Pas plutôt produit, Henri Lefebvre veut théoriser l’événement. Il publie donc en 68 chez Anthropos, L’irruption de Nanterre au sommetHenri Lefebvre était un philosophe marxiste apprécié par une partie des étudiants. Il est alors professeur à… Nanterre. Ci-dessous le premier chapitre de son livre, bref, incisif comme tout le livre et donc opposé aux verbiages de tant d’autres. Et d’abord cette question : quel statut historique de l’événement ? Le livre sera réédité en 1998 par Syllepse avec une préface de René Mouriaux grand connaisseur de la CGT et une postface de Pierre Cours-Salies grand connaisseur de la CFDT. C’est seulement à ce moment là que j’en ai pris connaissance alors que ma bibliothèque est riche en livres de Lefebvre. D’entrée je suis marqué par cette phrase clef : «En les bouleversant, l'événement réunit ce qui se dispersait : les connaissances, les résultats.» Or la grande majorité des observateurs ou commentateurs veulent surtout que tout reste dispersé ! J-P Damaggio

 

L’irruption de Nanterre au sommet

Premier chapitre

Événements et situations

L'événement déjoue les prévisions ; dans la mesure où il est historique, il bouleverse les calculs. Il peut aller jusqu'à renverser les stratégies qui tenaient compte de sa possibilité.
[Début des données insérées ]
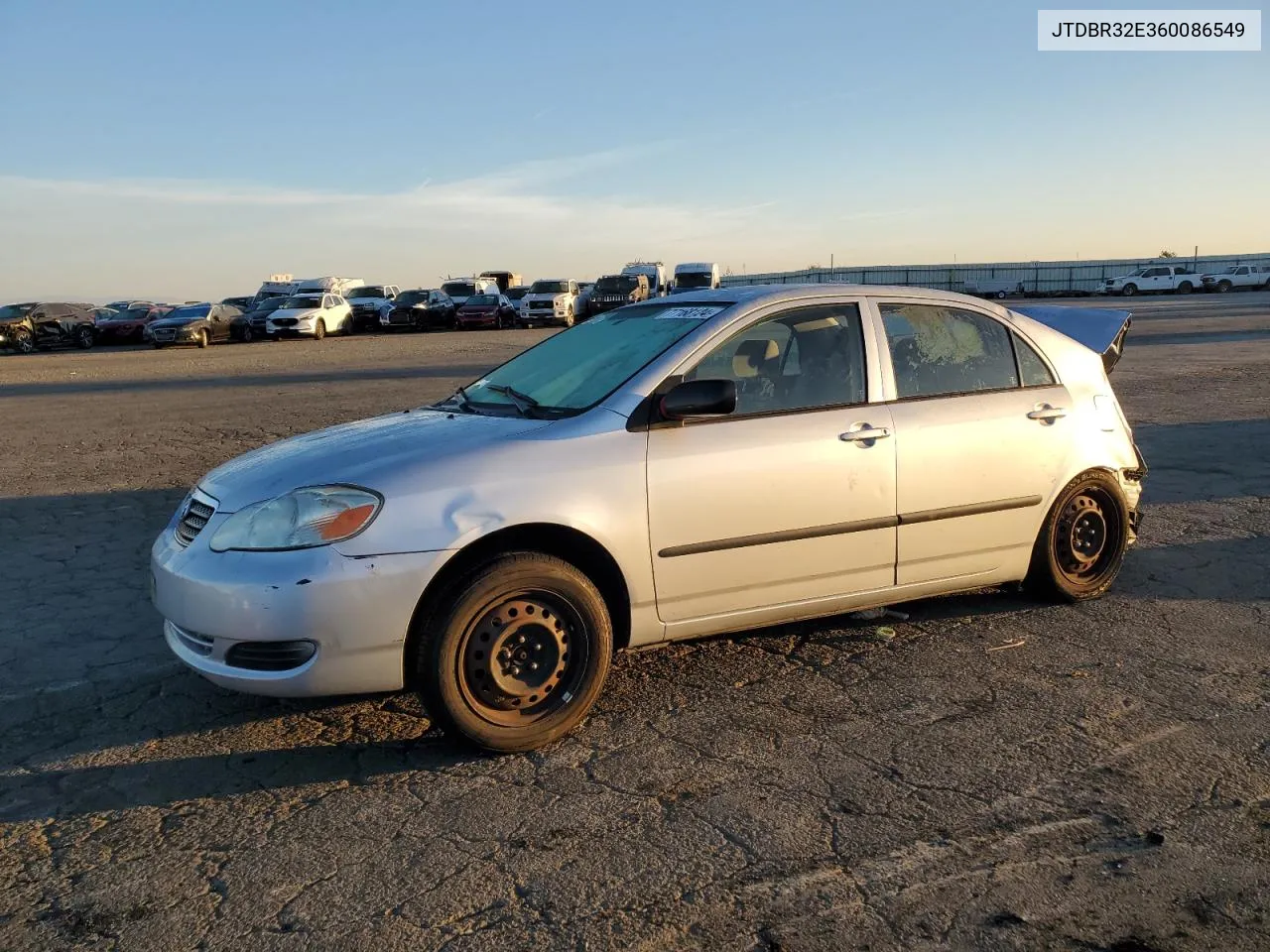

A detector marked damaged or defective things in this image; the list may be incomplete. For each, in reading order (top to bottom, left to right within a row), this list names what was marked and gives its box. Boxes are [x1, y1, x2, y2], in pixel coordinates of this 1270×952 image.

cracked asphalt [0, 294, 1264, 949]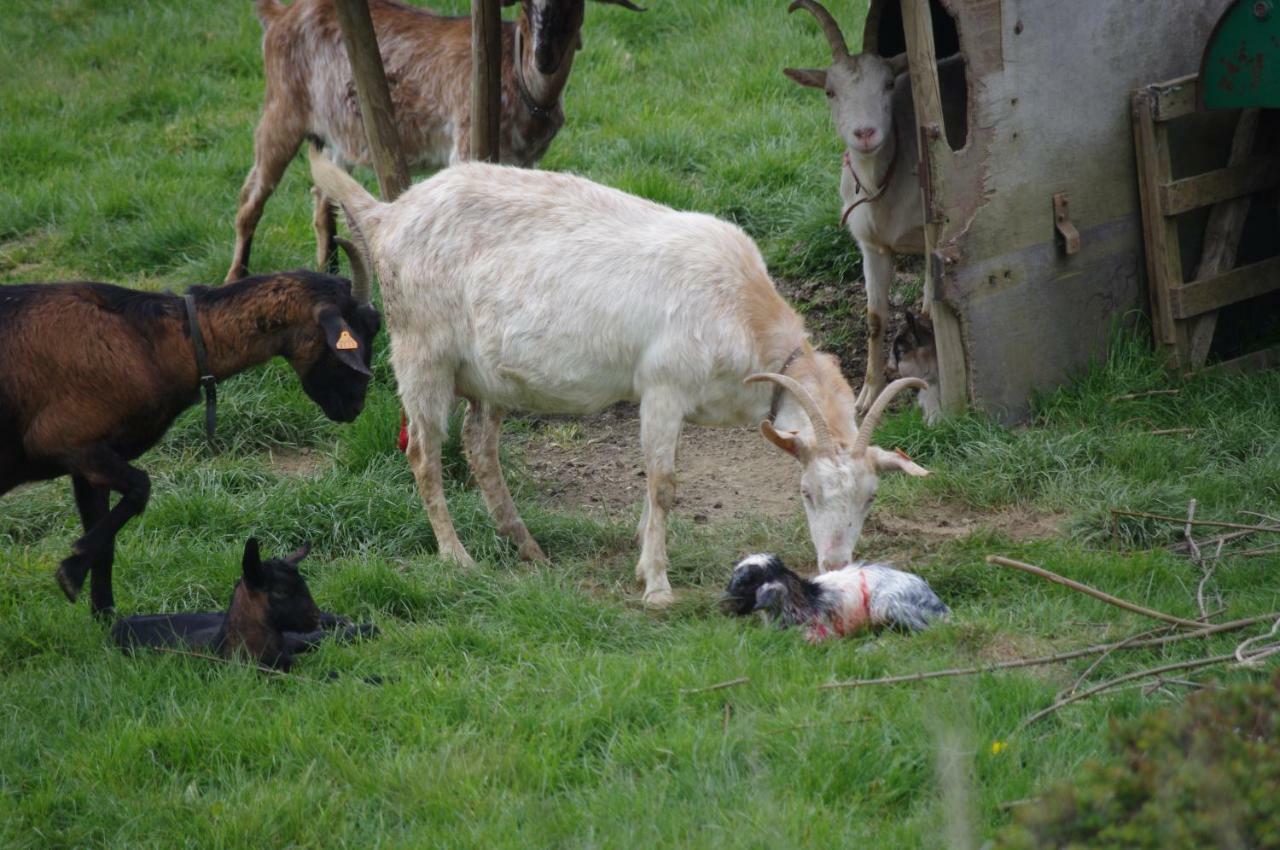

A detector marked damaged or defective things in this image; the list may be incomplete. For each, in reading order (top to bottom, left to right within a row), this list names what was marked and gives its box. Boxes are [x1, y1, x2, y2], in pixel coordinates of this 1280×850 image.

rusty metal hinge [1049, 193, 1080, 256]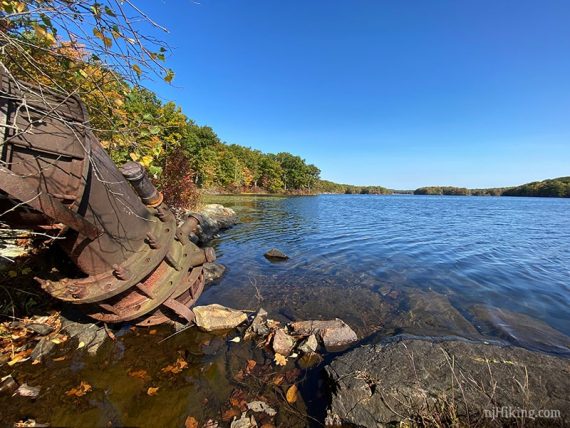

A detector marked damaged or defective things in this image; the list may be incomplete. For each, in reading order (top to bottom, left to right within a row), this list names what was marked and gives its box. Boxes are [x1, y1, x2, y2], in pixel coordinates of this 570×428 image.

Conjonctural, l'événement ébranle les structures qui l'ont permis. Les prévisions, les supputations, inévitablement fondées sur des analyses et des constats partiels, ne peuvent s'élever jusqu'au caractère total de ce qui survient. En les bouleversant, l'événement réunit ce qui se dispersait : les connaissances, les résultats. Le mouvement naît où on l'attendait le moins. Modifiant de fond en comble la situation, il la fait apparaître alors qu'elle se dissimulait sous les détails des faits et des appréciations. Alors et ainsi surgit l'élémentaire, et d'abord le connu, le reconnaissable. Sur cette base se dressent, visibles momentanément dans une transparence lumineuse, les nouveaux éléments de la vie sociale. Toujours original, ce qui advient rentre pourtant dans des cadres généraux, et ses particularités n'excluent en rien des analyses et des références, des répétitions et des recommencements. Il n'est pas de virginité absolue même pas pour la violence qui se croit «pure ». Déprécié pendant les périodes stagnantes au profit de ce qui entretient la stagnation — le mépris pour l'histoire, la recherche de la stabilité — l'événementiel restitue le mouvement de la pensée en même temps que celui de la pratique. Il arrache les penseurs à leurs assises confortables pour leur replonger la tête dans le flot des contradictions. Les obsédés de l'équilibre perdent leur belle confiance et leur bonne humeur. Mauvaises et bonnes consciences, emballages idéologiques et débris de pratiques désuètes, semblables aux détritus de la rue, font des amas que l'on balaie. Les gens et les idées apparaissent tels qu'en eux-mêmes enfin l'événement les change.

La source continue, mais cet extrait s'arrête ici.